George Will – my favorite columnist – had a stunningly wrong-headed column this weekend on the Fairness Doctrine. I certainly would expect him to dislike the long-vanquished doctrine.
What I wouldn’t expect was for Will to write an entire column to refute a straw man argument used merely to bash liberals. Will constantly invokes what liberals want to do regarding this – but cites not a single one in his piece. In fact, Marin Cogan of The New Republic was unable to find any congressperson pushing legislation to this effect or any liberal policy wonks promoting a return to the Fairness Doctrine.
Will though manages to be an expert on what these anonymous liberals think:
And these worrywarts say the proliferation of radio, cable, satellite broadcasting and Internet choices allows people to choose their own universe of commentary, which takes us far from the good old days when everyone had the communitarian delight of gathering around the cozy campfire of the NBC-ABC-CBS oligopoly. Being a liberal is exhausting when you must simultaneously argue for illiberal policies on the basis of dangerous scarcity and menacing abundance.

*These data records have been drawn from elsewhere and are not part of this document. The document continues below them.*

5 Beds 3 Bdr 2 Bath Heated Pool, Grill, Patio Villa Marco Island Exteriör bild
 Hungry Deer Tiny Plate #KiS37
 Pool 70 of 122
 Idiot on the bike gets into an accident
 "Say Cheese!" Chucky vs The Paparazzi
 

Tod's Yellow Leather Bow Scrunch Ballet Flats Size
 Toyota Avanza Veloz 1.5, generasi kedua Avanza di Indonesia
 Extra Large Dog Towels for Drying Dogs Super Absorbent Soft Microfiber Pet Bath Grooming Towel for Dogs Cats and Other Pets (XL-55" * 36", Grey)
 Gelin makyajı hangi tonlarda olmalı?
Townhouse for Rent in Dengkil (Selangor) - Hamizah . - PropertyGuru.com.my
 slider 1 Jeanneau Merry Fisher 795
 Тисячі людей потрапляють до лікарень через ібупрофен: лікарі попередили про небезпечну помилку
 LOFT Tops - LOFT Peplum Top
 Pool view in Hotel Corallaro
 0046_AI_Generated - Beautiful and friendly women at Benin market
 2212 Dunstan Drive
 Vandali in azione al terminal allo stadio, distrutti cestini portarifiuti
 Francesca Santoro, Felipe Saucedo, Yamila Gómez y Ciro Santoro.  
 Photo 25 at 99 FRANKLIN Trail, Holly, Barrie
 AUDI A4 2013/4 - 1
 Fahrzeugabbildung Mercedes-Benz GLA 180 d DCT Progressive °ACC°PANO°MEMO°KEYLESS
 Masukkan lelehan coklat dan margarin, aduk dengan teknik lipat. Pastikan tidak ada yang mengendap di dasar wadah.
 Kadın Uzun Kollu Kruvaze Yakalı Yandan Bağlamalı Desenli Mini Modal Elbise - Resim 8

If reactionary liberals, unsatisfied with dominating the mainstream media, academia and Hollywood, were competitive on talk radio, they would be uninterested in reviving the fairness doctrine. Having so sullied liberalism’s name that they have taken to calling themselves progressives, liberals are now ruining the reputation of reactionaries, which really is unfair.
Next up would be George Will’s column on how Net Neutrality would be like a Fairness Doctrine for the internet.
Matt Yglesias summed up this Fairness Doctrine controversy best a few weeks ago:
Political movements mischaracterize the other side’s general goals all the time. But I’ve never heard of anything like the current conservative mania for blocking a particular legislative provision that nobody is trying to enact.